Over the past few months, we’ve been sharing content on hiring challenges and turnover issues. In this post, we’re going to cover one of the top reasons that employees leave a job and what you can do about it.
Research from global staffing firm Robert Half suggests there’s truth to the saying, “People leave managers, not companies.” About half of professionals surveyed (49%) have quit a job due to a bad boss. This fact highlights the extreme importance of the front-line management team in your DC. This team is the cornerstone of your operation and will heavily influence your hiring and retention success or failure.
Many operations fail to build a successful front-line management team because they fail to hire the right management talent to begin with. In many operations we’ve observed, DC Managers are promoted from the floor – meaning 10 years ago they were picking orders. These individuals have the technical chops to know what needs to get done, but they often lack the soft skills required to get their teams to do the work. The key to creating a successful front-line management team today hinges on the ability to identify the soft skills required for the job and hiring and training around these skills.
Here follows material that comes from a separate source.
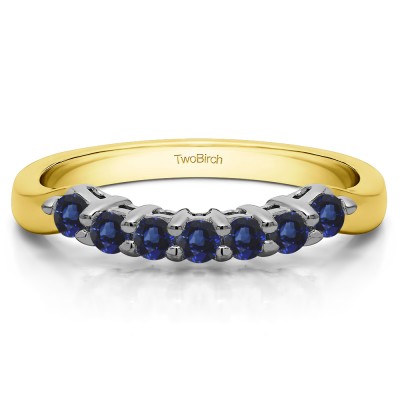 0.29 Ct. Sapphire Pinched Shank Shared Prong Contour Band in Two Tone Gold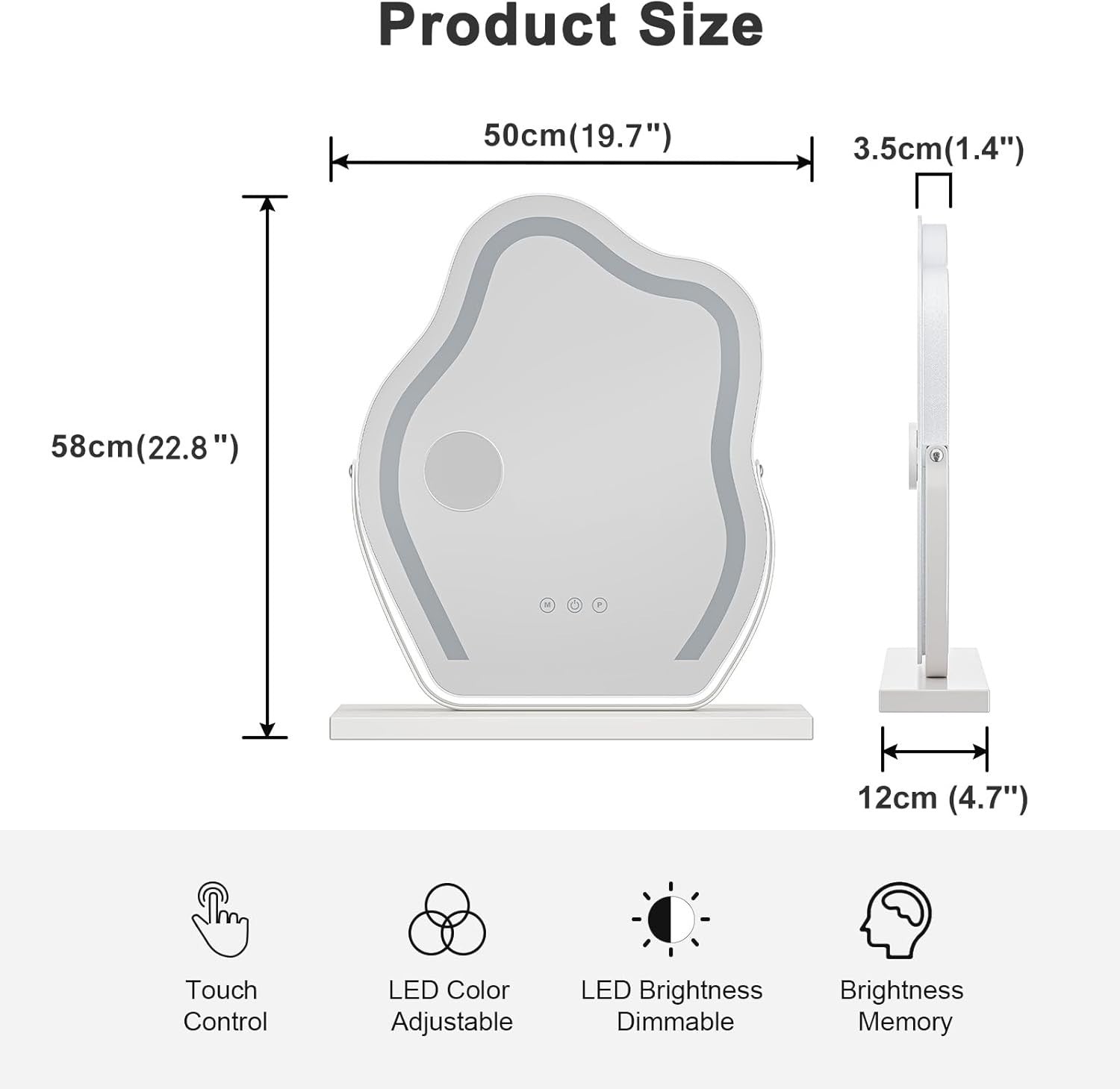 LED Cloud Vanity Mirror 50x50cm Touch Rotating Lighted Makeup Mirror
Skills Today’s DC Managers Need
Today’s DC Managers need to be experts in sales, communication and coaching.
When the economy tightened, many predicted that hiring warehouse talent would get easier as the market would be flooded with job candidates. That hasn’t been the case. Warehousing and distribution employment numbers have actually reached all-time highs making it more challenging than it’s ever been to find candidates. Today’s DC Managers need to experts at selling their operations.
Unfortunately, most DC Managers aren’t trained in the “art of interviewing”. Many resort to grilling candidates and fail to sell the benefits of working for the organization. If this is the case, it’s time to leverage the skills of your Human Resources team. They can help get your managers up to speed on winning interview techniques.
Warehouse management involves interacting with both employees on the floor and management outside the building. This may involve communicating with a team that represents multiple generations and therefore has varied communication styles. Or, it may mean navigating language barriers with non-English speakers. Today’s DC Managers need effective written and verbal communication skills to communicate needs upwards and facilitate tasks downwards. In many warehouses we visit, we see good looking signs and detailed manuals, but we don’t see enough one to one communication that is essential for ensuring team members clearly understand requirements and managers clearly understand team member concerns.
Performance coaching is an ongoing process which helps build and maintain effective employee and supervisory relationships. With performance coaching, supervisors and employees work collaboratively to develop the skills and abilities of every team member in the distribution center. Successful coaching programs boost performance and help mitigate performance issues before they become serious problems. A successful coaching program includes:
- Setting clear expectations
- Regularly observing performance
- Asking questions and listening
- Capturing and sharing performance metrics
- Weighing skills, tools, and environment
How to Hire the DC Managers You Need
When hiring management talent for your DC, it’s good to value technical warehouse expertise and experience, but it’s just as important to look for the soft skills outlined above, which are much harder to teach. According to a recent Industry Week article, more and more companies are beginning to view leadership skills, discipline and motivation as more important than technical skills which can be learned. This is the case at companies like Mohawk, a Georgia-based flooring manufacturer, who recently hired Nathan Bennett, a candidate with no manufacturing experience.
As a two-time NASKA World Martial Arts Champion, Bennett demonstrated strong discipline and leadership skills. And while he did not get the job he originally applied for, a Mohawk hiring manager saw his potential and offered him a job in another area. The hiring manager told Bennett that Mohawk wanted him for his leadership skills and they could teach him the rest.
In the end, the company’s focus on finding the right fit for their team paid off. Bennett is now the safety manager of two plants, leading more than 650 people and looking for others who are adaptable, motivated, and willing to learn new skills in order to cultivate new leaders in the organization.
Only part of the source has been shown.